# ACTIVITY
Reproduce exactly only the lines from the line that holds "عطر ادکلن آکوا" to the line that holds "Silla Gamer Seizure Prime Atomic - Stulztech", inclusive, in the listing below, and please leave out every picture.
________
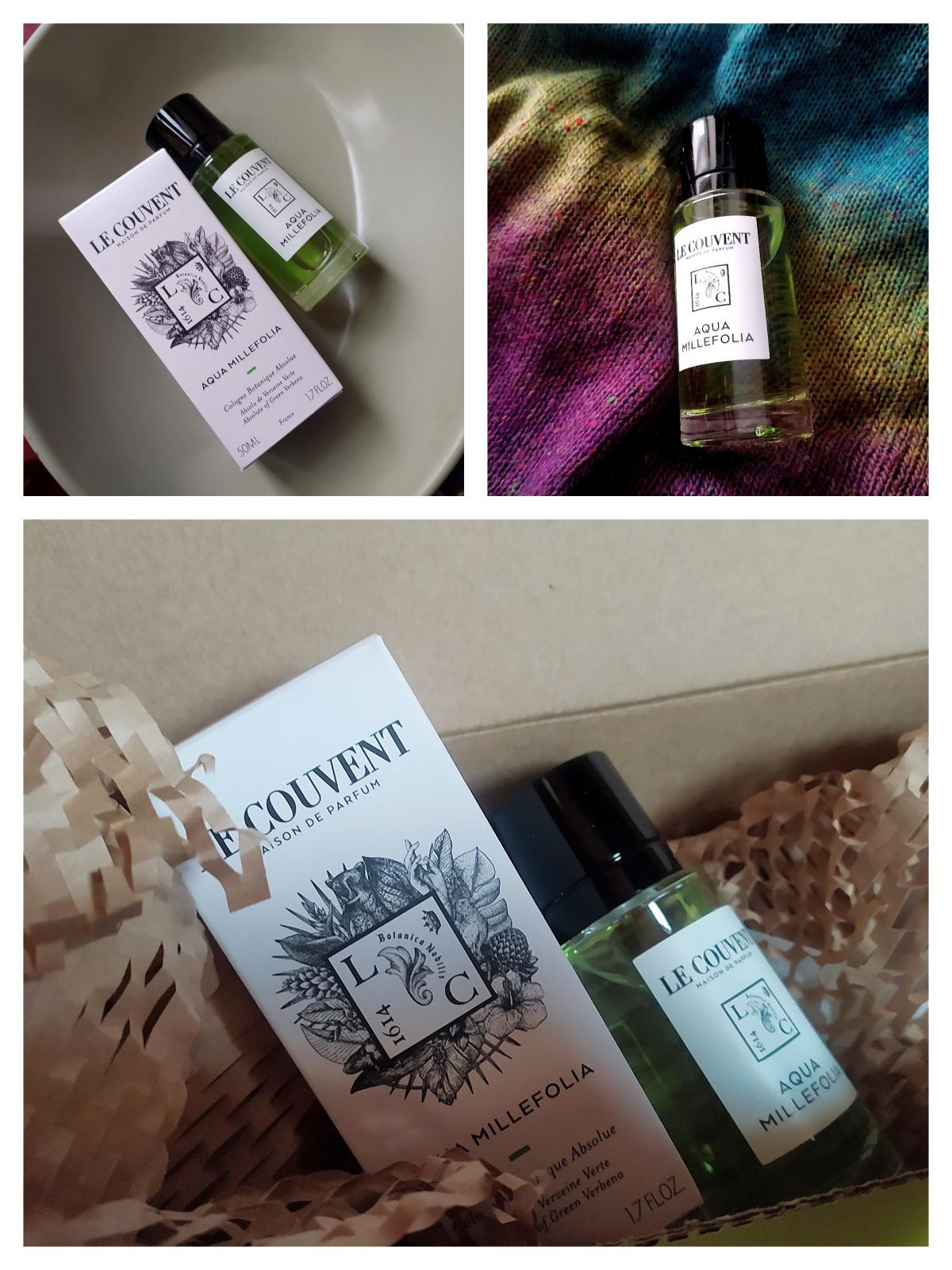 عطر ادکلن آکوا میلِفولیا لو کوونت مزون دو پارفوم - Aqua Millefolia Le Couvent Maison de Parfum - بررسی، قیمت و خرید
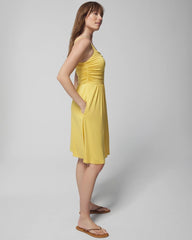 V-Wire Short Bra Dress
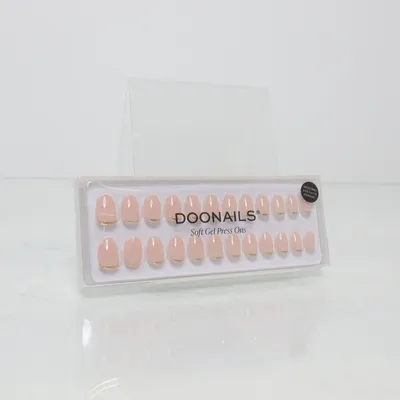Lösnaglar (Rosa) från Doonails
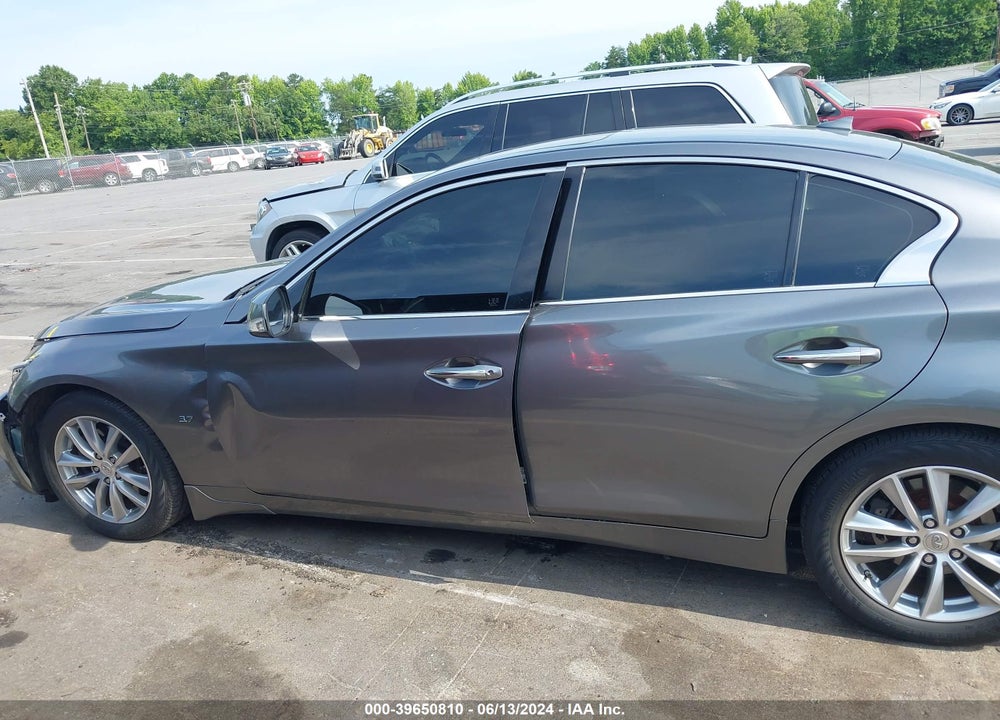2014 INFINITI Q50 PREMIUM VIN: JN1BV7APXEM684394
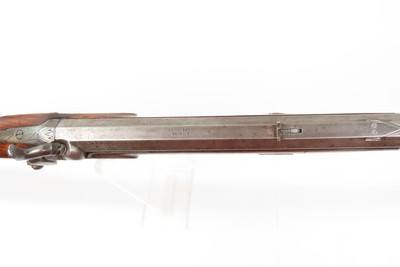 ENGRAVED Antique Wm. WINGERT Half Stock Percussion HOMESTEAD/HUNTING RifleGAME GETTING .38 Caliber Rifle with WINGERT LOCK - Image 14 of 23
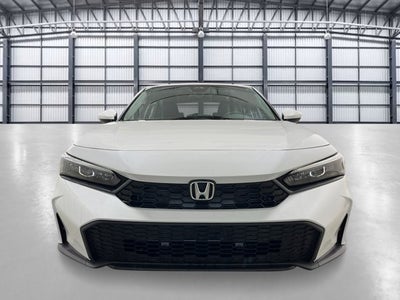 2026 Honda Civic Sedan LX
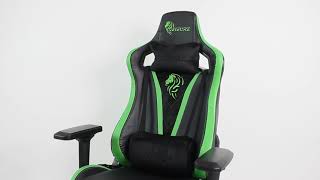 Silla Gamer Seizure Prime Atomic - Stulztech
________
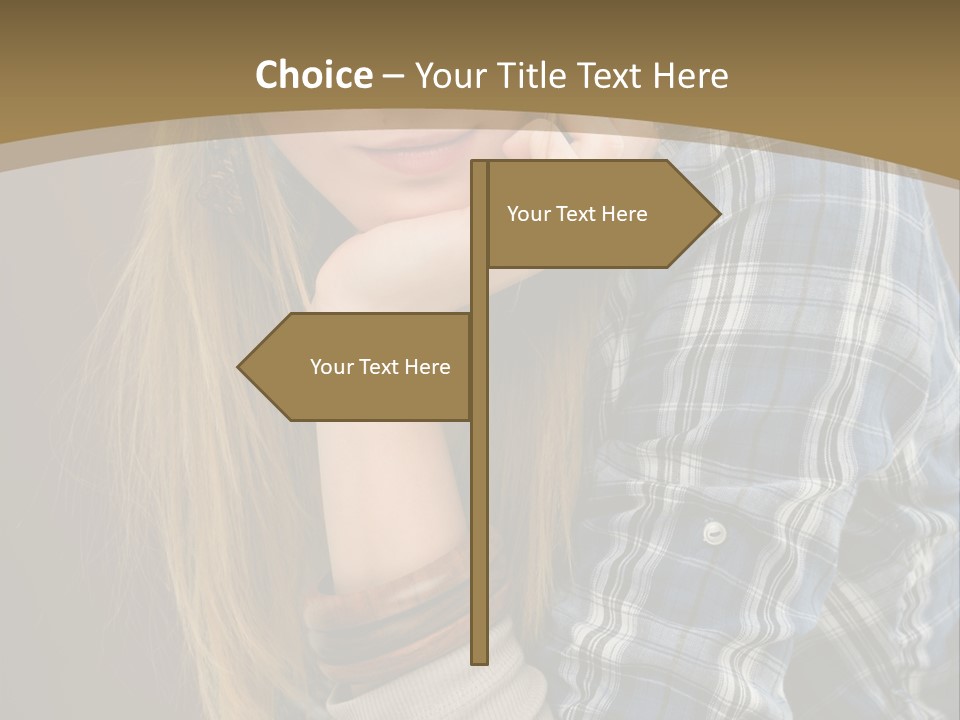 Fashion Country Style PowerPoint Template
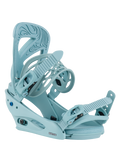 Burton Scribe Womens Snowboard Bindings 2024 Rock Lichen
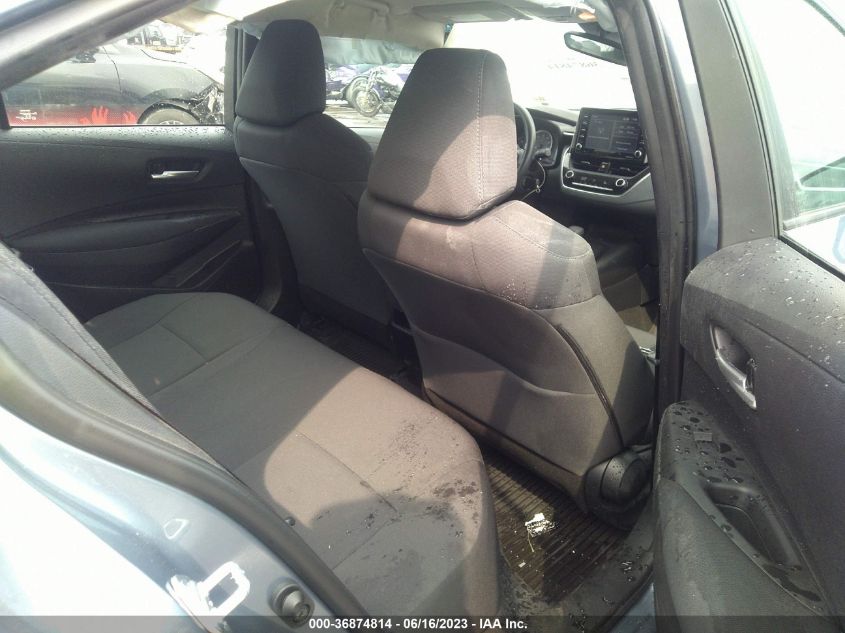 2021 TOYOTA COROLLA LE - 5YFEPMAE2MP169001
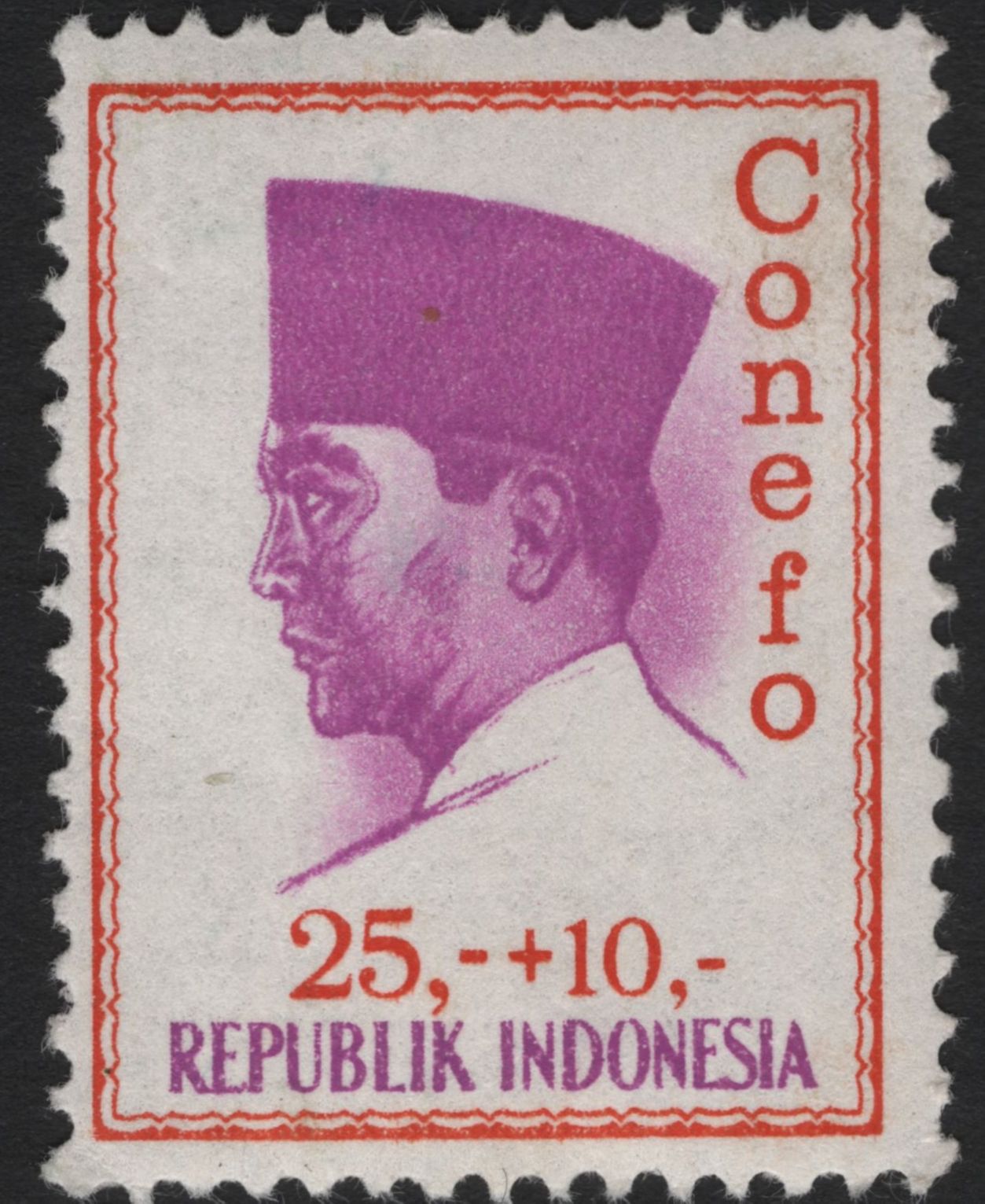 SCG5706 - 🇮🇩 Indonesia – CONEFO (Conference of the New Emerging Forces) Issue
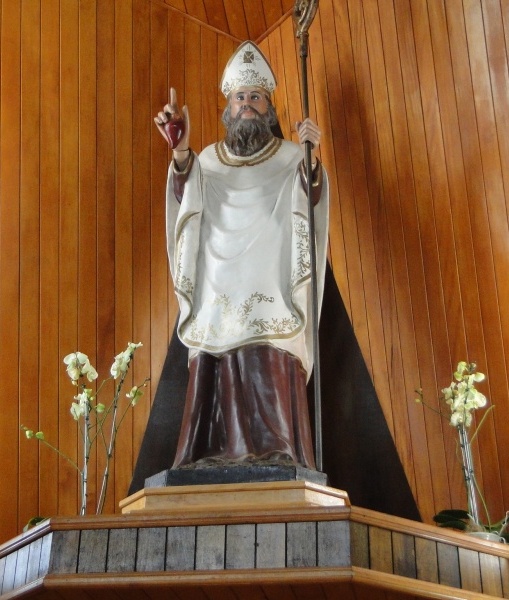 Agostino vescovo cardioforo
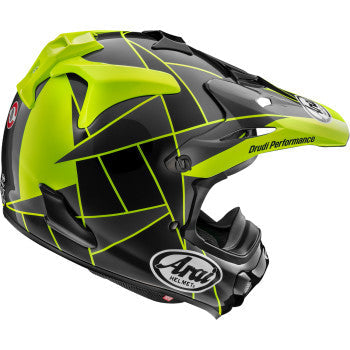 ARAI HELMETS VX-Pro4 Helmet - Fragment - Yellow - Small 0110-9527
________
# WRITTEN RESPONSE
 عطر ادکلن آکوا میلِفولیا لو کوونت مزون دو پارفوم - Aqua Millefolia Le Couvent Maison de Parfum - بررسی، قیمت و خرید
 V-Wire Short Bra Dress
Lösnaglar (Rosa) från Doonails
2014 INFINITI Q50 PREMIUM VIN: JN1BV7APXEM684394
 ENGRAVED Antique Wm. WINGERT Half Stock Percussion HOMESTEAD/HUNTING RifleGAME GETTING .38 Caliber Rifle with WINGERT LOCK - Image 14 of 23
 2026 Honda Civic Sedan LX
 Silla Gamer Seizure Prime Atomic - Stulztech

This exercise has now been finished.